『劇場』も話題!松岡茉優の魅力が炸裂する映画5選
現在、公開中・配信中の映画『劇場』で、劇作家を目指す主人公の永田(山崎賢人)を必死に支えようとする恋人・沙希を演じている松岡茉優。監督を務めた行定勲も「天才」と絶賛する演技力が全編で発揮されている。今や実力派女優の代表格といえる松岡の魅力を堪能できる出演映画を振り返ってみたい。(編集部・大内啓輔)
『勝手にふるえてろ』(2017)
綿矢りさによる同名の恋愛小説をオムニバス映画『放課後ロスト』の一編でも松岡とタッグを組んだ大九明子監督が映画化。松岡は中学時代の初恋相手を忘れられず、脳内で妄想が暴走する24歳のOL・ヨシカというクセの強いキャラクターを好演している。絶滅生物について熱弁をふるったり、職場の同期に告白されて喜びを爆発させたりするヨシカ。松岡による圧巻のセリフまわしとコメディエンヌぶりには目を見張るほど。現実とファンタジーが入り混じったような独特の世界で、女優・松岡茉優の魅力が凝縮された一作だ。
『万引き家族』(2018)
家族ぐるみで軽犯罪に手を染めながら、祖母の年金を頼りに暮らす一家の物語を描き、第71回カンヌ国際映画祭で最高賞のパルムドールに輝いた是枝裕和監督作。松岡が演じたのは、治(リリー・フランキー)、信代(安藤サクラ)、初枝(樹木希林)たちと貧しくも笑顔で生きる亜紀。信代の妹である彼女は風俗店に勤務しており、“4番さん”と呼ぶ常連客(池松壮亮)と共鳴するものを感じるなど、複雑な感情を内面に秘める女性を巧みに表現した。また、白石和彌監督が血縁家族の再生を描いた『ひとよ』では、母の起こした事件で夢を諦めた長女を情感たっぷりに演じている。
『ちはやふる -下の句-』(2016)
競技かるたを題材にした末次由紀の人気コミックを広瀬すず主演で映画化した話題作。松岡は主人公である千早(広瀬)の前にライバルとして立ちはだかる、史上最年少でクイーンとなった若宮詩暢を演じた。他を寄せ付けず、雰囲気を一変させる圧倒的なオーラを放つクイーンを見事に体現し、物語に説得力を与えている。繰り出される毒気のある京都弁や、個性的なキャラクターグッズが大好きという意外な一面にも注目だ。2年後を描く『ちはやふる -結び-』でも衰えぬ存在感を発揮している。
『蜜蜂と遠雷』(2019)
原作は、直木賞と本屋大賞を同時受賞した恩田陸の同名小説。若手ピアニストの登竜門とされる国際ピアノコンクールを舞台に、4人のピアニストたちの葛藤と成長が描かれる。松岡はかつて天才少女と呼ばれるも、母親の死をきっかけに表舞台から消えていた亜夜を演じた。孤独や恐怖、戸惑い、不安を抱えながら、再び自分の音を探しにコンクールに挑む亜夜を繊細な演技で表現。亜夜は決してセリフの多くない役どころだが、言葉に頼らない表現力が光る、松岡の面目躍如ともいえる作品だ。

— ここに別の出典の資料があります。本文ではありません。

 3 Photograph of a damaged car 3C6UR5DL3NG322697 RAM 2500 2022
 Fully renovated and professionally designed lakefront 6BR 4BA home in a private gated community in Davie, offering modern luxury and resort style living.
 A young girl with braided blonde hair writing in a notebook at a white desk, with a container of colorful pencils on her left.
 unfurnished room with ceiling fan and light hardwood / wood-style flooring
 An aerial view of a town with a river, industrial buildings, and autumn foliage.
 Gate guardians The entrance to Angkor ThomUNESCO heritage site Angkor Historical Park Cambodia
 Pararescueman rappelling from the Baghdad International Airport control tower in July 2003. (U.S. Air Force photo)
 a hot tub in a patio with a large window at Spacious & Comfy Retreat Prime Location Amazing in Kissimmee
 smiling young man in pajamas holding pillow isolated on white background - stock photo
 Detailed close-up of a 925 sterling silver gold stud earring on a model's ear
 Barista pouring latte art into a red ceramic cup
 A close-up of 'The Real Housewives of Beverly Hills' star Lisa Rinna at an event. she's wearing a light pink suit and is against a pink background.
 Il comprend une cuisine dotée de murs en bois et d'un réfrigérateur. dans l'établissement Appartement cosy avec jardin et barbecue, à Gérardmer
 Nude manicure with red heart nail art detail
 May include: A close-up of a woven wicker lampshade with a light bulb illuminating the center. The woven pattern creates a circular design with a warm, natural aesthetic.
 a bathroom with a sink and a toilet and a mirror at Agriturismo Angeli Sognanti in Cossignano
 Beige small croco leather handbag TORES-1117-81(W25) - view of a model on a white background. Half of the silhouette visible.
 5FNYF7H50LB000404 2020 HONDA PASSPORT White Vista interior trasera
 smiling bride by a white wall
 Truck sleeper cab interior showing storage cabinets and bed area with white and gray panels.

『リトル・フォレスト 夏・秋』(2014)、『リトル・フォレスト 冬・春』(2015)
若手実力派キャストが集結した『桐島、部活やめるってよ』や、社会現象ともなった連続テレビ小説「あまちゃん」に続く、橋本愛との共演作。五十嵐大介の人気コミックをもとに、都会暮らしになじめず故郷の山村に帰ってきたいち子(橋本)が自給自足の生活を送る姿が描かれる。松岡ふんするキッコはいち子と幼なじみで、お互いに思ったことを本音でぶつけ合う親友という役どころ。それまでの2作では見ることのできなかったような、仲睦まじい親友同士を演じる二人の等身大の演技には胸を打たれる。